Aim of the exercise: What is the number of lines below that include "Rover"? Give that number alone.

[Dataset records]
%%

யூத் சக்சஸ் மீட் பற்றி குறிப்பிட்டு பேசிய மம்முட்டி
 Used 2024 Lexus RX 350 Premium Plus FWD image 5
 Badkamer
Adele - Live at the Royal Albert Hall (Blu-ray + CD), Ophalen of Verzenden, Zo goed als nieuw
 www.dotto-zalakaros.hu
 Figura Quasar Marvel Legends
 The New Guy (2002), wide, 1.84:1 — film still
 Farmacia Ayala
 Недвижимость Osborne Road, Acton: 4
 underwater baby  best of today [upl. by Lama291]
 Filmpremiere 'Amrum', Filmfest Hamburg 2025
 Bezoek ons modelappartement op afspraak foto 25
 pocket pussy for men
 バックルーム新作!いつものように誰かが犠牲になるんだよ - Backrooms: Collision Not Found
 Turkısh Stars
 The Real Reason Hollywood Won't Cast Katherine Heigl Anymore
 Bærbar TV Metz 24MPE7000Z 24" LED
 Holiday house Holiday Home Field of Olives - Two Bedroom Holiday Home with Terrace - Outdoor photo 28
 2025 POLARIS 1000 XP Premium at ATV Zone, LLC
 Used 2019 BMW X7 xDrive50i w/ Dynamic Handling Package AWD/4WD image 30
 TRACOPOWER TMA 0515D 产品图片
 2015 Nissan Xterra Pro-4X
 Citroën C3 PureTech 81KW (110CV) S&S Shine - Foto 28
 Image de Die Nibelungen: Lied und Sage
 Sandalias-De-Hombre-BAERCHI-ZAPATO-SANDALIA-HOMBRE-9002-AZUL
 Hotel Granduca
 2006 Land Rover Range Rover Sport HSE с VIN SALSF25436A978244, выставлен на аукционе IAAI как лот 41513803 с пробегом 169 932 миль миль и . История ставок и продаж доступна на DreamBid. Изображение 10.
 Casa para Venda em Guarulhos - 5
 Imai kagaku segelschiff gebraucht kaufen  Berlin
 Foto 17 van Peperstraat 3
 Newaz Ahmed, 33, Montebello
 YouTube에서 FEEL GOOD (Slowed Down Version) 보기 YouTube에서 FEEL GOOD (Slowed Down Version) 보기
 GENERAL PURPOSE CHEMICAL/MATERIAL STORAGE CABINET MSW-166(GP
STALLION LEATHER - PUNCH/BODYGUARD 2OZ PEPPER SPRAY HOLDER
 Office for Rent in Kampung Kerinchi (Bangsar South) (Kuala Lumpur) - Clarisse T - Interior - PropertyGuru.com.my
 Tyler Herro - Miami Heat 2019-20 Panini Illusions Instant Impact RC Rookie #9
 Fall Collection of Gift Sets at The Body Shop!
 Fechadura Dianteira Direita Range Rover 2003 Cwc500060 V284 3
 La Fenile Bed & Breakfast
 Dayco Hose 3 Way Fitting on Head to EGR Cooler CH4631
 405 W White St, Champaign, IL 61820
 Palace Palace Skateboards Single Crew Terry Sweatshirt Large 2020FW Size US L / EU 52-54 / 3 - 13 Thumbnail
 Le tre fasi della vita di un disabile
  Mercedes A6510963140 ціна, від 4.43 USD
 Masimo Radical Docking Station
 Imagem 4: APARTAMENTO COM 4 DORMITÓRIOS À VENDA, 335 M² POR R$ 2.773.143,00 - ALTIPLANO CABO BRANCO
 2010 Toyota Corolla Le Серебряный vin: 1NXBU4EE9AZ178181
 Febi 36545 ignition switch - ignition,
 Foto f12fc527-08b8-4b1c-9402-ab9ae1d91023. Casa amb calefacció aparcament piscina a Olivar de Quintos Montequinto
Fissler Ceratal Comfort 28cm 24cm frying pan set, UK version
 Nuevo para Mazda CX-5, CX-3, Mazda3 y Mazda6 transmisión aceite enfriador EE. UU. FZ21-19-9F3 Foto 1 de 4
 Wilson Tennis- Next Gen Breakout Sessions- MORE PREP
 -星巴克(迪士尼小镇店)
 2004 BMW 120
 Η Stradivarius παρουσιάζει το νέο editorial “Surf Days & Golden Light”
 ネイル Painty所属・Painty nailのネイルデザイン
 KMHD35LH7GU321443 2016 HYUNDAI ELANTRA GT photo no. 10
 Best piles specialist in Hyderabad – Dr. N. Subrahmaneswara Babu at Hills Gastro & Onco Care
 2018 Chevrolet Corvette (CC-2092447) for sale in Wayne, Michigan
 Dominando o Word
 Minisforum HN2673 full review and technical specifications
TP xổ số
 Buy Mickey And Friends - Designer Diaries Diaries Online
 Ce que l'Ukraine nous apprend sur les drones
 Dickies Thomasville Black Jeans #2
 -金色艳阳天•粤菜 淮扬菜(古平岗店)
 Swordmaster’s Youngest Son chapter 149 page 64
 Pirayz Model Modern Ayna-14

%%

Response: 2